Stored entries
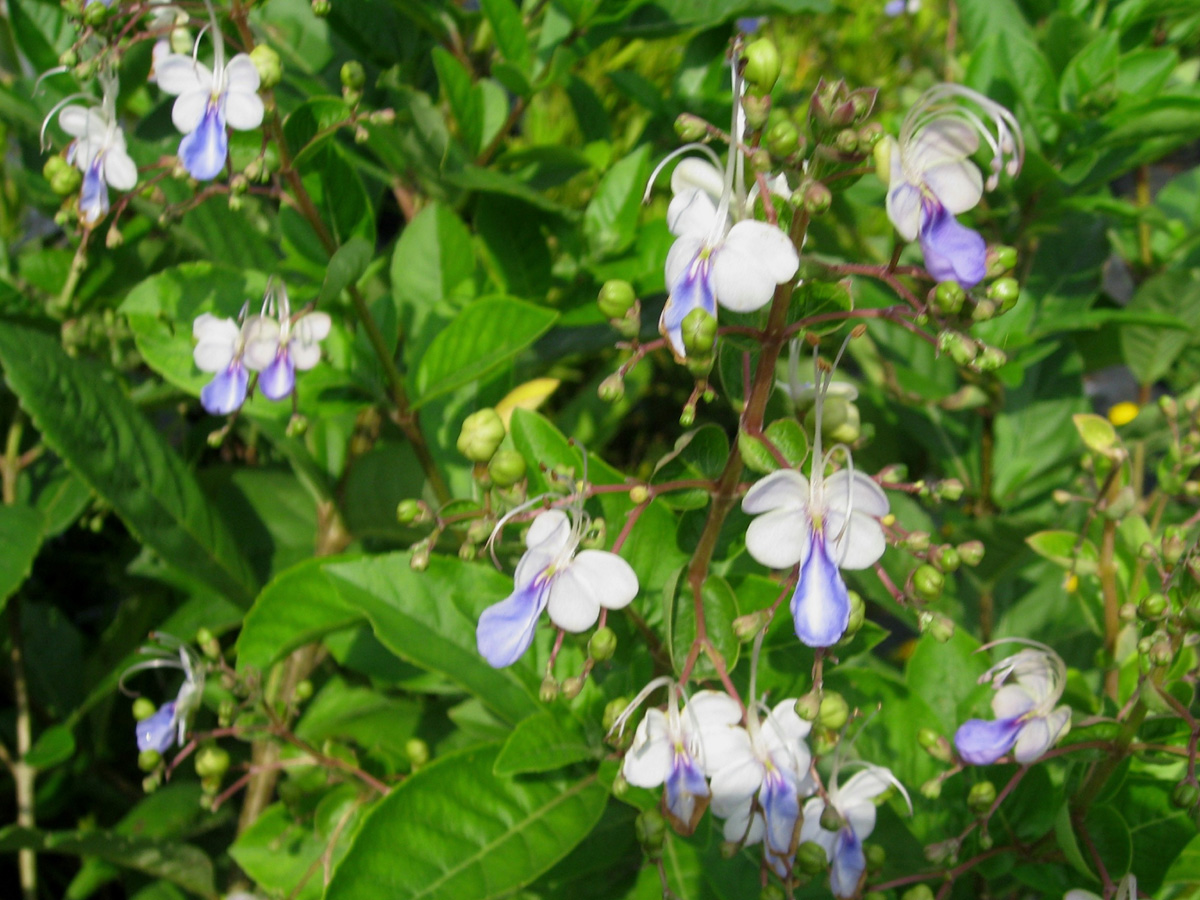 Clerodendrum myricoides 'Ugandense' / Clerodendrum myricoides 'Ugandense'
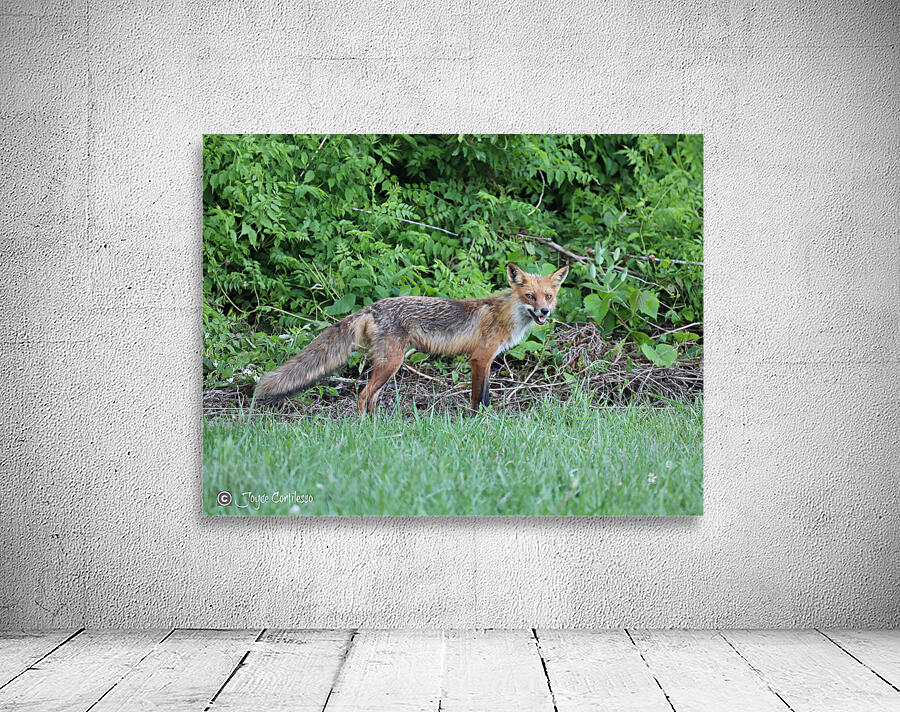 Resilient Red Fox Wall Preview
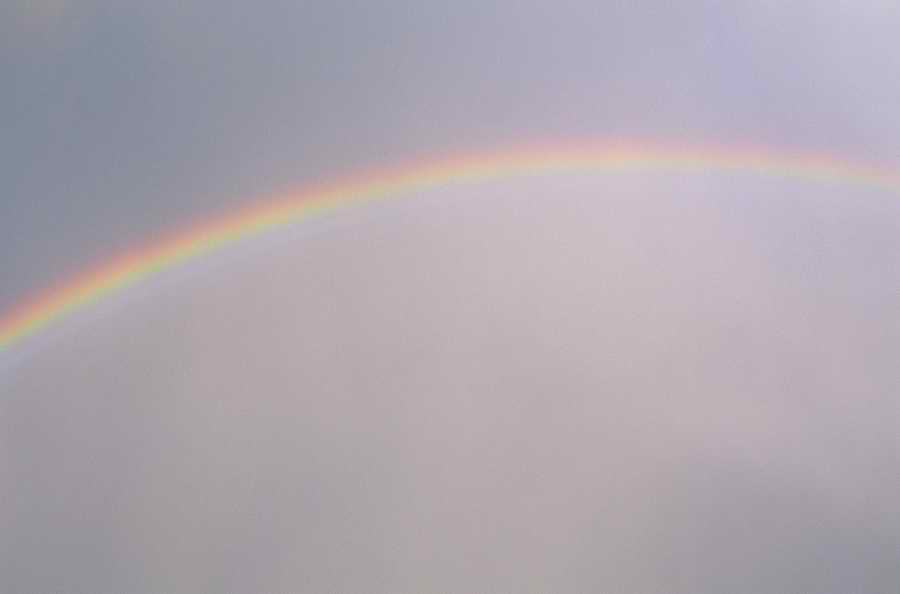 Seasonal Backgrounds - Photodisc Background Series ></a>
<script language=JavaScript> 
  var txt = 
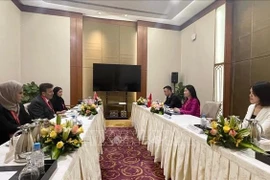 由越南国家审计副总审计长何氏美蓉率领的代表团，与阿拉伯联合酋长国（UAE）责任审计机构代表团举行了工作会谈。图自越通社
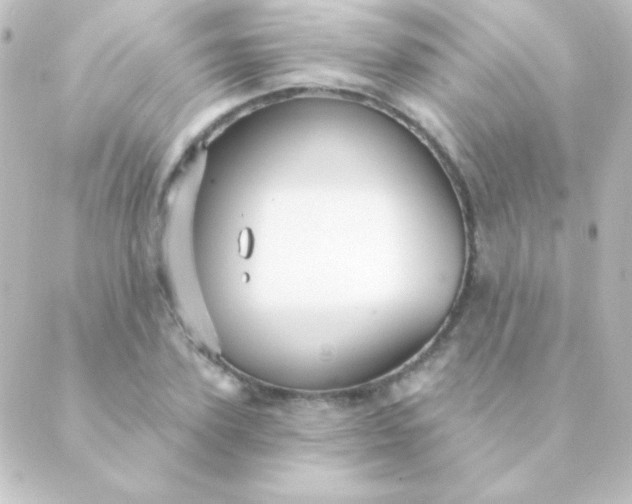 X0000088850931200706221656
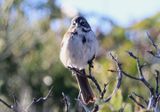 Bells Sparrow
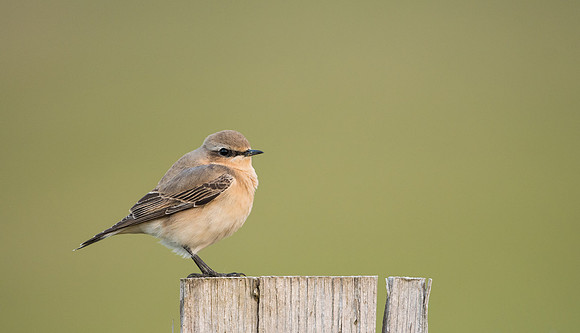 Wheatear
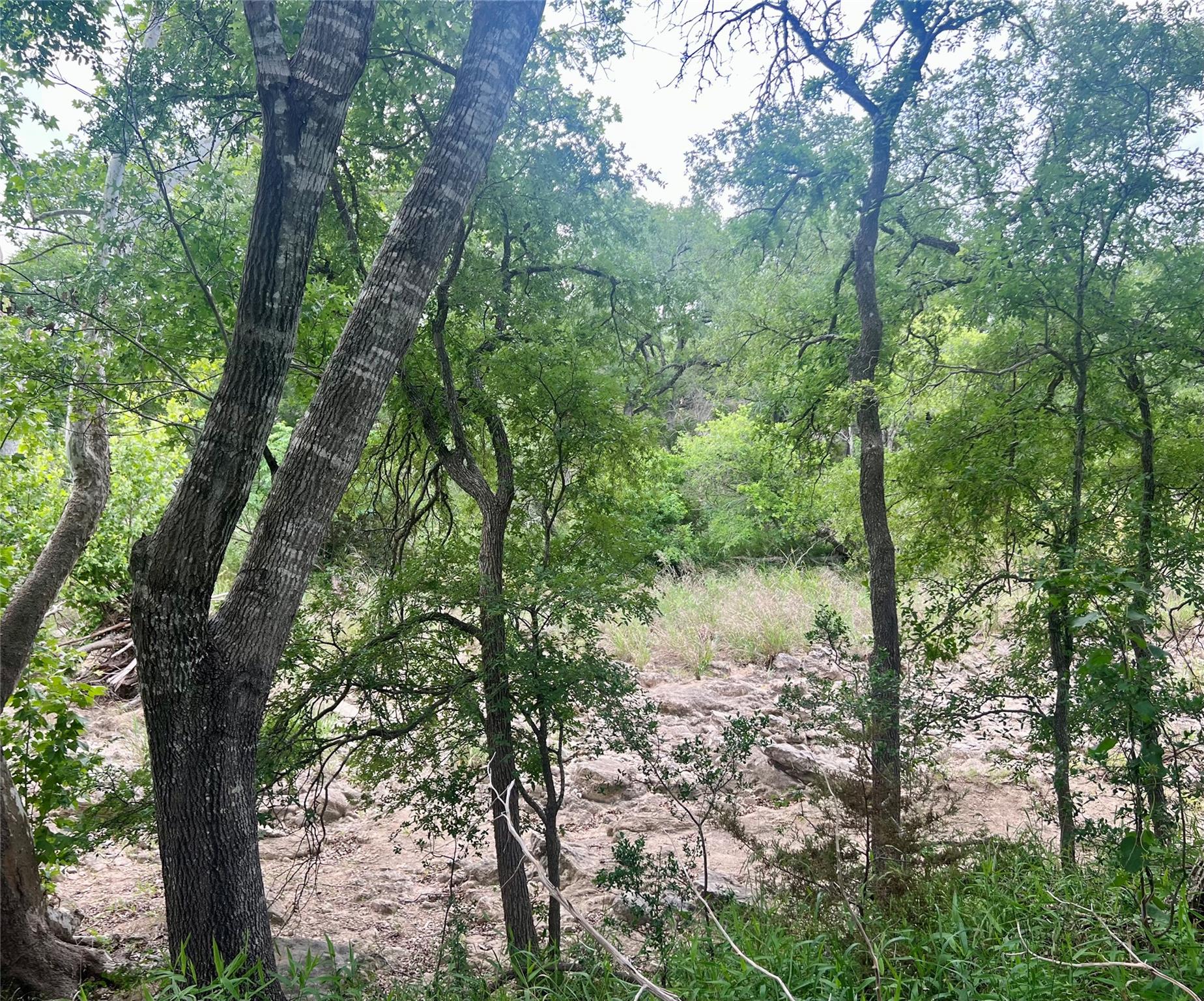 TBD Narrows RD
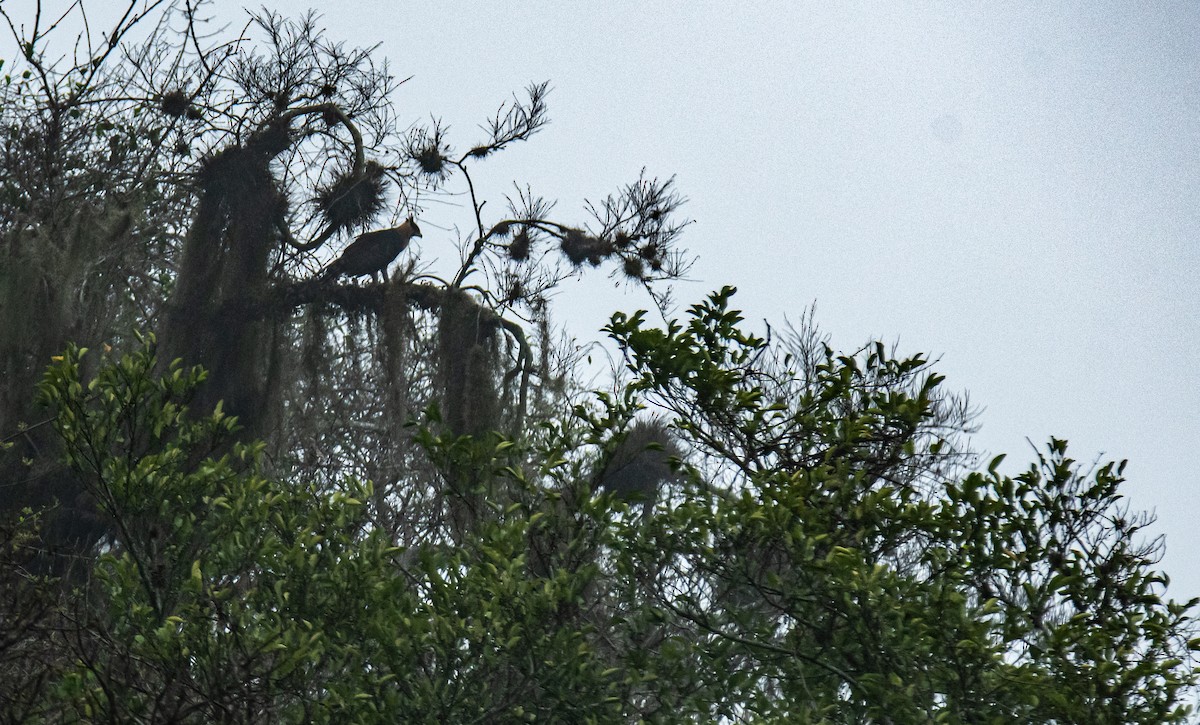 Ornate Hawk-Eagle - Leonardo Guzmán (Kingfisher Birdwatching Nuevo León)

## AIM OF THE TASK
Since the pictures are not wanted, set down only the rest of each record, exactly as above.

## RESPONSE TO THE TASK
 Clerodendrum myricoides 'Ugandense' / Clerodendrum myricoides 'Ugandense'
 Resilient Red Fox Wall Preview
 Seasonal Backgrounds - Photodisc Background Series ></a>
<script language=JavaScript> 
  var txt = 
 由越南国家审计副总审计长何氏美蓉率领的代表团，与阿拉伯联合酋长国（UAE）责任审计机构代表团举行了工作会谈。图自越通社
 X0000088850931200706221656
 Bells Sparrow
 Wheatear
 TBD Narrows RD
 Ornate Hawk-Eagle - Leonardo Guzmán (Kingfisher Birdwatching Nuevo León)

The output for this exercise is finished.